Após exibir os dois primeiros títulos de Michael, conquistados pela equipe Benetton, o documentário se volta para aquele que provavelmente foi o período mais difícil dele na F1. Movido por desafios desde quando gostava de vencer com o pior kart da corrida, Schumacher vai para Ferrari, sendo que a equipe já não vencia um campeonato de pilotos há dezesseis anos.

Nesse instante, entendemos o que o diferenciava dos demais. Do mecânico ao chefe, todos ressaltam o empenho dele para voltar a tornar aquela uma escuderia vencedora. Dedicado, ele não se concentrava apenas na direção, mas também nas relações humanas da equipe italiana. Idolatrado pela torcida, não se sentia no direito de decepcioná-los, o que lhe levou a errar. Inseguro, se questionava a cada inicio de temporada se ainda sabia ser um bom piloto. Incansável, alcançou o título após cinco anos de Ferrari. E como um vencedor apaixonado, ainda pelo rádio do carro, lembrou-se da esposa que sempre o apoiou.

A partir de então, o documentário toma um caminho questionável.
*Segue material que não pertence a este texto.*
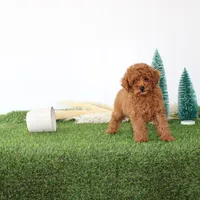 AKC Baxter(tiny), a male Poodle - Toy  for sale in Middlebury, IN – Photo 2 of 10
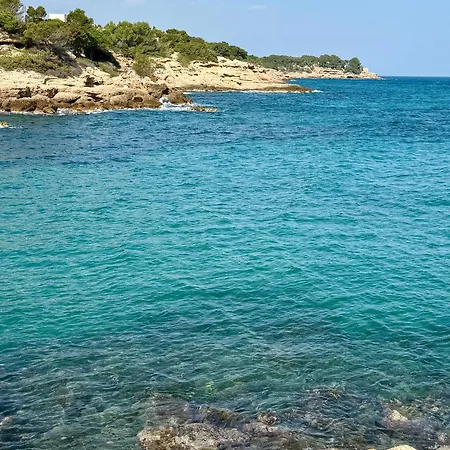 Alguer Hotel 2*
Os quatro títulos mundiais seguintes, vencidos por um Schumacher que já não devia mais nada a ninguém, apenas são mencionados rapidamente. Algumas disputas interessantes contra Fernando Alonso, a oportunidade de correr com o irmão, a vitória no dia do falecimento da mãe e a controversa relação com Rubens Barrichello não são exibidas.

Depois de mostrar brevemente seu retorno à Fórmula 1, o documentário aborda o acidente sofrido nos Alpes franceses. Sem entrar em detalhes sobre o ocorrido e o real estado de saúde dele, os entrevistados falam com pesar sobre a ausência sentida na rotina da família. Nesse sentido, o relato do filho Mick Schumacher é ainda mais triste. Piloto da F1 em sua primeira temporada, ele conta que nessa fase de sua vida teria muito sobre o que conversar com o pai.

Assim como não começou pela infância, entendo que a obra não deveria concluir-se ao abordar os anos mais recentes. Ainda que as imagens de dias felizes voltem nos créditos, o filme termina em um tom pesado. Teria sido mais justo com a trajetória de vida do Michael que a narrativa retornasse aos depoimentos sobre a carreira, no intuito de que aqueles que caminharam ao seu lado falassem sobre a lembrança que guardam do amigo heptacampeão.

Por fim, “Schumacher” é um filme que será lembrado por mostrar o lado humano de alguém que foi uma máquina de vitórias. Ao apresentar detalhes de sua jornada, a obra dá sentido a devoção que a equipe Ferrari e seus torcedores tem por ele. Tendo em mente que hoje Michael vive uma situação difícil, relembrar esses momentos traz reflexões sobre como a vida pode ser dura até com quem fez a alegria de milhões.